● Captioned web images:
--*--

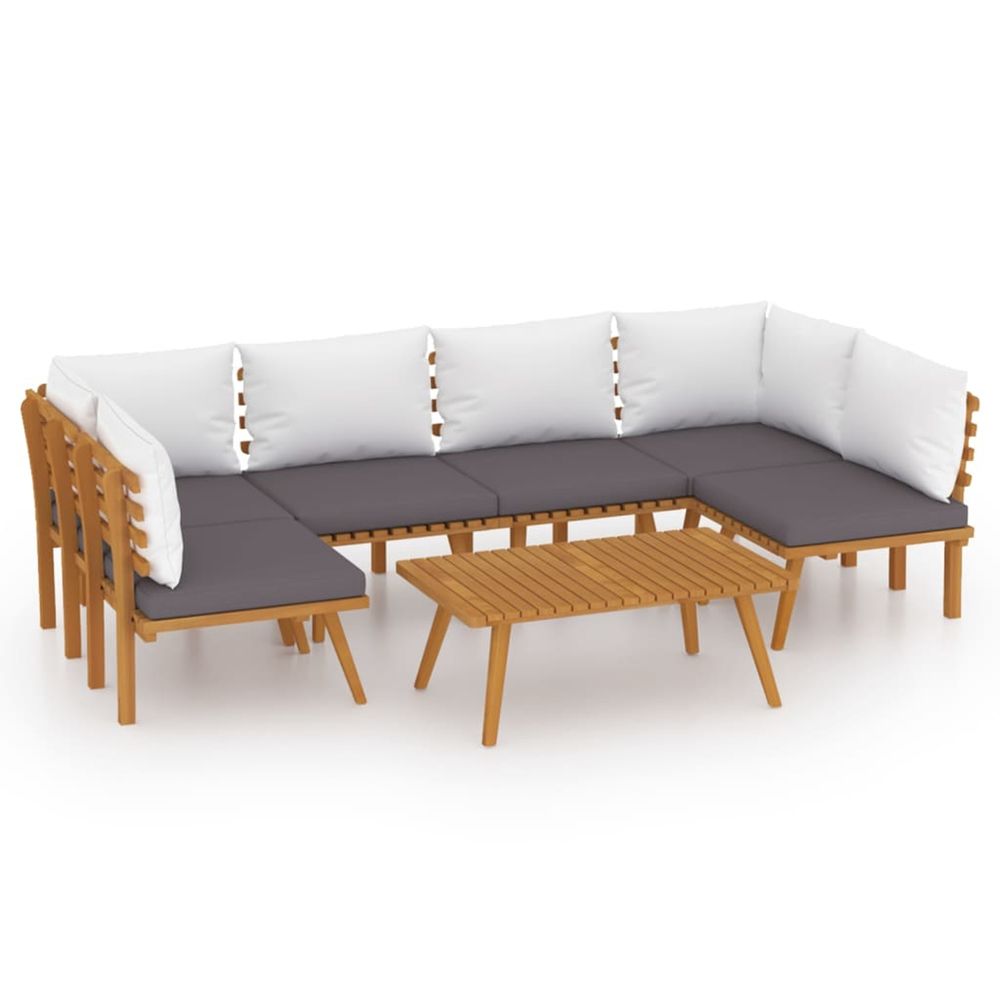 Salon de jardin 7 pcs avec coussins bois d'acacia solide
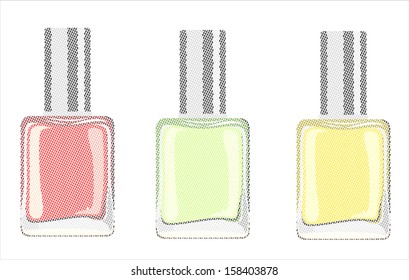 Set of color nail polish. Vector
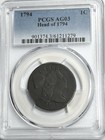 1794 Large Cent Head Of 1794 Pcgs Ag03 Beautiful Coin Looks Very Good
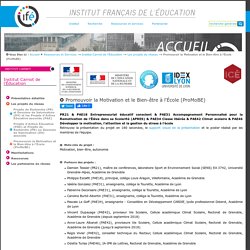 Promouvoir la Motivation et le Bien-être à l'École (ProMoBE) — Site de l'Institut Français de l'Education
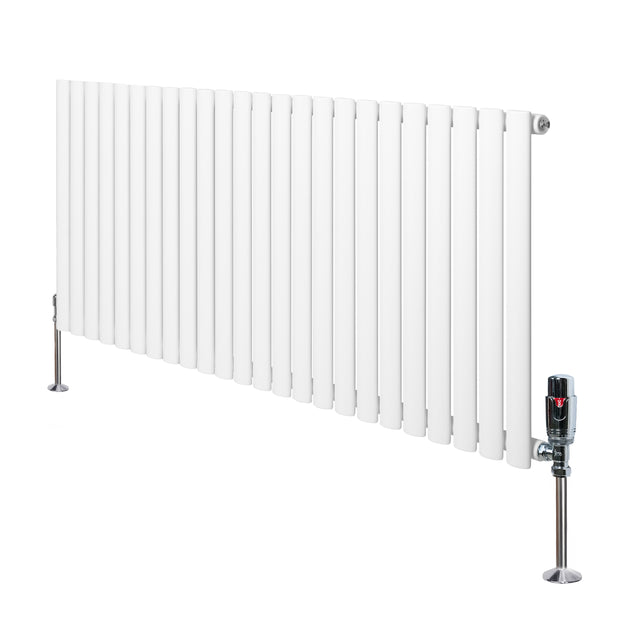 Sleek white oval single column radiator with vertical fins, featuring polished valves and sturdy floor supports, ideal for modern spaces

--*--

● Task brief:
From the first line to the last, retype the data exactly, but omit every image.

● Solution to this exercise:
 Salon de jardin 7 pcs avec coussins bois d'acacia solide
 Set of color nail polish. Vector
 1794 Large Cent Head Of 1794 Pcgs Ag03 Beautiful Coin Looks Very Good
 Promouvoir la Motivation et le Bien-être à l'École (ProMoBE) — Site de l'Institut Français de l'Education
 Sleek white oval single column radiator with vertical fins, featuring polished valves and sturdy floor supports, ideal for modern spaces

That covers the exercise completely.